ACTIVITY. After finding the line with "Fee - Buttons" in the data below, set down exactly each line through the one with "canal de gaveta", inclusive, and stop there.

TASK INPUTS.
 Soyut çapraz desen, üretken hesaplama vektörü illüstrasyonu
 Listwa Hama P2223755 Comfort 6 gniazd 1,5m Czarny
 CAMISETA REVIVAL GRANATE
* * *
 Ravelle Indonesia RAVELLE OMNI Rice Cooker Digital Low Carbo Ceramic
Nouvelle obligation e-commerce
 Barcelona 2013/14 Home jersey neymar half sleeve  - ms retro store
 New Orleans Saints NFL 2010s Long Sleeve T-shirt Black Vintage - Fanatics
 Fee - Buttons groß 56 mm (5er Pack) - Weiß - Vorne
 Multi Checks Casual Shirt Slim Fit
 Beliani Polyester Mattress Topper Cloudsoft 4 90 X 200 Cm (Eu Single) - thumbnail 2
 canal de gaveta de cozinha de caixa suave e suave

RESPONSE.
 Fee - Buttons groß 56 mm (5er Pack) - Weiß - Vorne
 Multi Checks Casual Shirt Slim Fit
 Beliani Polyester Mattress Topper Cloudsoft 4 90 X 200 Cm (Eu Single) - thumbnail 2
 canal de gaveta de cozinha de caixa suave e suave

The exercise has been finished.